Temaram lampu berbalut ukiran kuno menjadi saksi bahwa aku tak boleh hanyut dengan pesona yang dipancarkannya.

“ Mey ijinkan aku tuk mengagumimu.Ijinkan aku tuk menikmati keanggunanmu diibalik kelembutan hatimu.Kaulah wanita sempurna yang aku temukan selama ini,walau kadang aku tahu aku tak pantas mengucapkan semua ini padamu.Sekali lagi ku hanya ingin kau tahu tingginya khayalku bersamamu.Hanya dalam khayal Mey!!! ” tak kusangka kalimat itu meluncur begitu tiba-tiba.

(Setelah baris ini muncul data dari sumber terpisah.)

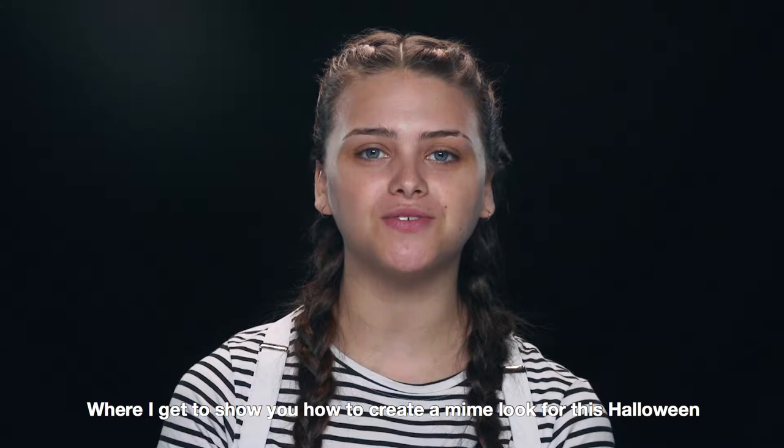Hi, I'm Sophia and this is a Superdrug tutorial where I get to show you how to create a mime look for this Halloween.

“ Mas…sadarkah apa yang Mas ucapkan ?” tanyaku.
“Ingat Mas…. Kita sama-sama tidak dapat dan tak sanggup serta tak mampu meruntuhkan benteng kesetiaan yang mbak Jati bangun untuk melindungimu “
Rupanya Mas Ondy tetap pada ucapannya.

“Mas… maafkan aku kalau aku harus mengatakan ini sejujurnya,Pada akhirnya kita harus bisa menerima keadaan kita mas…Kita harus mengakhiri semuanya mas.Mengakhiri tanpa harus ada yang tersakiti dan harus ada kesadaran dari kita mas…”
“Mungkin inilah saat yang tepat bika aku pergi dari sisimu mas…aku pergi bukan lantaran aku benci,atau cintaku tlah basi.Sebelum perjalanan kita terlalu jauh mas.Aku tak sanggup menghancurkannya.Aku tak tega melukainya mas!”
“Tapi Mey “ potong Mas Han sambil diraihnya kedua jemariku.

Mas…andai kau tahu apa yang sedang berkecamuk dalam hatiku…ah.aku tak boleh berandai-andai.aku harus tegar!
Sebelum segalanya hancur ijinkan aku mohon maaf ,aku tak sanggup menghadapi kenyataan ini jika tabir ini terkuak.

“Tapi tak mampu melupakanmu Mey,aku tak sanggup kalau harus jauh dari sisimu.”dengan suara parau Mas Ondy mengucapkan itu
“Mas, aku akan membantumu melupakan kenangan indahmu bersamaku.”ujarku.
Maafkan aku Mas Ondy karena aku tak mau ada yang terluka, dan biarlah kenangan itu menjadi rahasia indah kita berdua.

Tahun Ajaran baru tinggal dua bulan lagi dan aku akan mengurus surat mutasi ke SLB lain demi semuanya….demi mereka yang kusayangi.
Relakan aku pergi dari sisimu.dan seandainya kita masih dipertemukan tentu demi kebaikan keluarga kita.